The Summer Olympics in Rio De Janeiro are two years away. The next World Cup is in 2018. But another of the world’s largest sporting events is happening now, and if you’re from the United States, there’s a good chance you’ve never heard of it. From Canada to Cameroon and Pakistan to Papua-New Guinea, more than 4,500 athletes have traveled to Scotland for the 20th edition of the Commonwealth Games.

In 1930, 400 athletes gathered in the Canadian city of Hamilton, Ontario for the first British Empire Games. Except for cancellations during World War II, the Games have been held every four years since. As the British Empire changed, so did the name, and “Commonwealth Games” eventually stuck. Today, the Commonwealth is a voluntary union of former pieces of the Empire — 53 countries comprised of 71 nations and territories -- and all of them are participating at the Games in Scotland.

An 118,000-Mile Relay 

The first event of the Commonwealth Games is long and slow, but it draws big crowds. The Olympics have a torch. The Commonwealth Games have the Queen’s Baton -- or “bat-in” as they say here in Scotland.

[sidebar title="More From Glasgow" width="330" align="right"]OAG's Doug Tribou has been keeping a reporter's notebook during his time in Scotland. Catch all his updates here.[/sidebar]

“It’s fantastic. This is probably the biggest event that Glasgow will ever have the opportunity of hosting ‘cause we’re not a big enough city to host something like the Olympics or the World Cup," said Jim Boyd, an elementary school physical education teacher in Glasgow's Scotstoun section.

Boyd was chosen to run a short leg of this 118,000-mile relay through all the member nations. It began in October at Buckingham Palace, when Queen Elizabeth II placed a message for the Commonwealth in the ornate wood and titanium baton.

“I think it makes you feel proud to be a Glaswegian,” said Linda Brown, who came out with her husband, Adrian, to see the baton pass through their neighborhood.

In a city with unemployment rates of over 25 percent, residents are happy for any economic boost the Games might provide. And many believe local officials planned prudently in order to leave Glasgow better off after the closing ceremony in early August.

More Than Just Olympic Sports

Athletes from Scotland arrive at the opening ceremony. in Glasgow. (Quinn Rooney/Getty Images)
Team Scotland at the opening ceremony in Glasgow's Celtic Park. (Quinn Rooney/Getty Images)

The 2014 Games feature 17 sports and many of the traditional, big-draw Olympic events, including swimming and diving, track and field (known as “athletics” here), boxing and gymnastics.
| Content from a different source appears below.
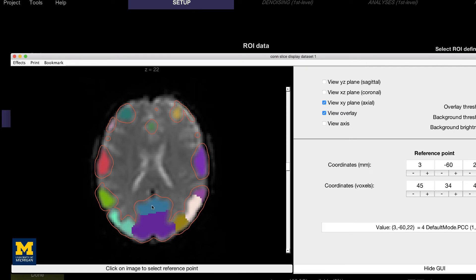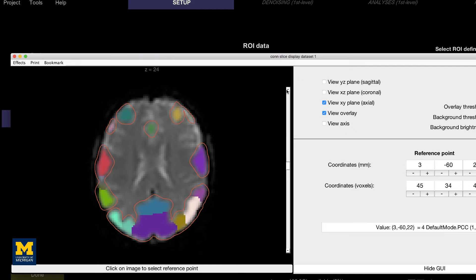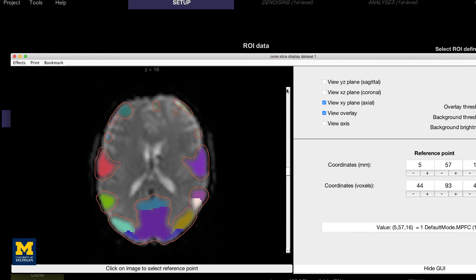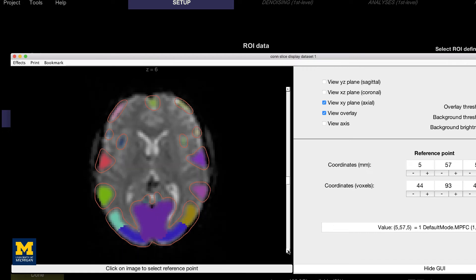If we click on, say, the blue area, this is one of the nodes of the default mode network, the posterior cingulate part of it. If we look at other slices, we can find other parts of the default mode network as well, for example within the medial prefrontal cortex.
Ahead of its 2016 Olympic debut, rugby sevens is also on the schedule. Plus, badminton, table tennis, lawn bowling and netball — a variation of basketball that features hoops without backboards and no dribbling. And there are a record 22 medal events for para-athletes in five sports.

On Wednesday evening, thousands of fans made their way to Celtic Park, Scotland’s largest soccer stadium. The weather was decidedly un-Scottish — crystal-clear skies with temperatures near 80, perfect weather for the Opening Ceremony. Fans from Nigeria, South Africa and Australia stopped to chat with me. And if there was a person that embodied the Commonwealth, it was Long Ismail. He is Malaysian. His wife is Indian, and they live in Central London. He says after the 2012 Olympics, these Games seem much more intimate.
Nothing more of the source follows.